From: Langhorst, B. <Lan...@ne...> - 2015-05-09 01:34:37
|
Hi: I’m trying to build unitigs for a ~ 3Gbase organism. I’m about 1/6 of the way through the 0-overlaptrim-overlap step and I’m already using about 10T of disk and I had to pause the job since that’s all I have...I can’t get 60T of disk. I have ~ 1.5B stitched illumina reads = ~ 50 - 280bp (used PEAR to stitch since wgs could not handle R1+R2 frags due to integer overflow) i figure about 120X or 60X per allele. too much? should I toss half of the shorter reads? how much will that help with disk space? I’m using the ovl overlapper… will the mer overlapper use less disk? Is there another setting I can change to use less disk?

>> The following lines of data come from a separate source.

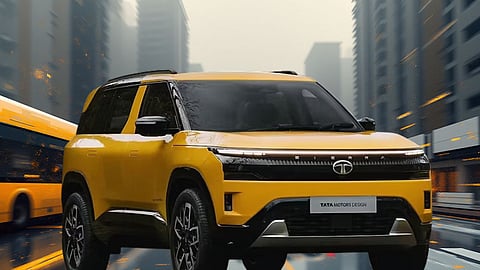Yellow Tata Sierra SUV showcased on a city street, highlighting Tata Motors’ modern design and bold styling.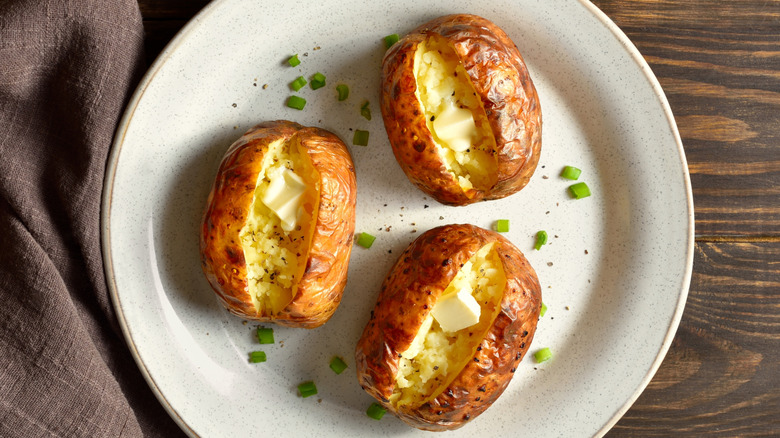 Oven-baked potatoes with butter on white plate by napkin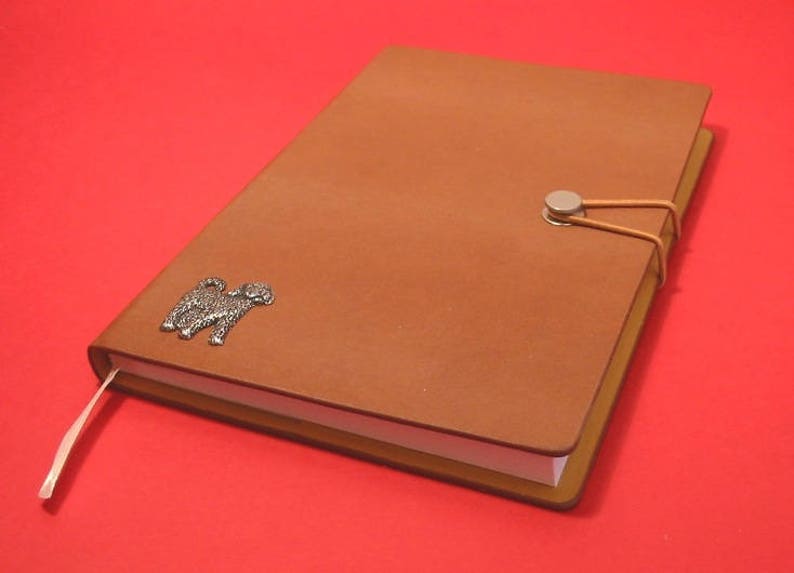 K&ouml;nnte beinhalten: Ein braunes Lederjournal mit einem silbernen Hundefolie und einem silbernen Verschluss. Das Journal hat einen wei&szlig;en Buchschnitt und ein braunes Lesezeichenband.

Brad spec file: merylMemory = 128000 merylThreads = 16 mbtThreads = 8 ovlStoreMemory=8192 #ovlStoreMemory=10000 useGrid = 1 scriptOnGrid = 0 ovlHashBits=25 # with this setting I observe about 2 runs at full capacity and one at 20, - can't use a smaller number because the job count is too large for sge #ovlHashBlockLength=1800000000 ovlHashBlockLength=2880000000 # should be about 400% ovlThreads=8 #ovlOverlapper=mer #merOverlapperThreads=8 #merOverlapperSeedBatchSize=1000000 frgCorrBatchSize = 10000000 frgCorrThreads = 8 unitigger=bogart batThreads=8 stopAfter=unitigger sge=-p -100 -pe smp 8 frgCorrOnGrid=1 ovlCorrOnGrid=1 -- Brad Langhorst, Ph.D. Applications and Product Development Scientist |